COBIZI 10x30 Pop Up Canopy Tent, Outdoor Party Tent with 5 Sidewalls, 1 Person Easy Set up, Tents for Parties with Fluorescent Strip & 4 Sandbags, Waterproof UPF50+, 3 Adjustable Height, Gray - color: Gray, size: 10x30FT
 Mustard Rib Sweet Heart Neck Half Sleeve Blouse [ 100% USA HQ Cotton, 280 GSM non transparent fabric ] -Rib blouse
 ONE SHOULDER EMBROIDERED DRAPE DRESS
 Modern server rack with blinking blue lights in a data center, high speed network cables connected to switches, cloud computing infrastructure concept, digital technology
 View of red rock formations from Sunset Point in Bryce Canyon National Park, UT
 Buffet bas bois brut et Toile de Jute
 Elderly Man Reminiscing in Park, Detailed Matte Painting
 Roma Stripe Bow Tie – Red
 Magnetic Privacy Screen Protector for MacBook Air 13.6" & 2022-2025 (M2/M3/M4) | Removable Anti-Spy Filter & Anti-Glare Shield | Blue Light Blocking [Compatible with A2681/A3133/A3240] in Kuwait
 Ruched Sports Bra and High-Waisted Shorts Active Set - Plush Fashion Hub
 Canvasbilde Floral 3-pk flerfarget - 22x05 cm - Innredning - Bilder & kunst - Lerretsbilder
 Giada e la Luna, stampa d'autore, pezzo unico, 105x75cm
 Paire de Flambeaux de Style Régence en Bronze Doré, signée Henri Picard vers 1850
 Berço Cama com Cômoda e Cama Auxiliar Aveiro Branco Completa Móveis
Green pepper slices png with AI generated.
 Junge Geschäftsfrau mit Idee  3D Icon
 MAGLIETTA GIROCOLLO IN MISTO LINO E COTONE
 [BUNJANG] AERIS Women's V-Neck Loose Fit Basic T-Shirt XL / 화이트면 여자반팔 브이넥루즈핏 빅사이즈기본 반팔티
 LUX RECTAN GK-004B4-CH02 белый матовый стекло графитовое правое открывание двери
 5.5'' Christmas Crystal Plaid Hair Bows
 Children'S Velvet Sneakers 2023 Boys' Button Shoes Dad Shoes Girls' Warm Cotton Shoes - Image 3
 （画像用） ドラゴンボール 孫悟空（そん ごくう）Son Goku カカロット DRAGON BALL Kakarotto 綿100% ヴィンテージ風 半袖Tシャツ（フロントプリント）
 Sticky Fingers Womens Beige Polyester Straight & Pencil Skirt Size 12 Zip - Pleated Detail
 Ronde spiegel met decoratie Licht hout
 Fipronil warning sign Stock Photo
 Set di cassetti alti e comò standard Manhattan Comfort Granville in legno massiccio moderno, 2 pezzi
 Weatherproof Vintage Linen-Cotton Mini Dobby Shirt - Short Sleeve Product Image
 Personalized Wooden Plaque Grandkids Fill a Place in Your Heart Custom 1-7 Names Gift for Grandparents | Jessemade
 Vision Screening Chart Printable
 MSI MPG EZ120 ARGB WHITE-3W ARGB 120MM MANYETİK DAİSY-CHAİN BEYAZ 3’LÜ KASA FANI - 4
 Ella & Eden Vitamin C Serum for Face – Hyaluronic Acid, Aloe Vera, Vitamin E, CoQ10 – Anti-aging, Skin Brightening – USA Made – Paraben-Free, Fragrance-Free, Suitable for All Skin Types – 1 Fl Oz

════════════════

For each line of the entries that includes "Image", show that line.

 Children'S Velvet Sneakers 2023 Boys' Button Shoes Dad Shoes Girls' Warm Cotton Shoes - Image 3
 Weatherproof Vintage Linen-Cotton Mini Dobby Shirt - Short Sleeve Product Image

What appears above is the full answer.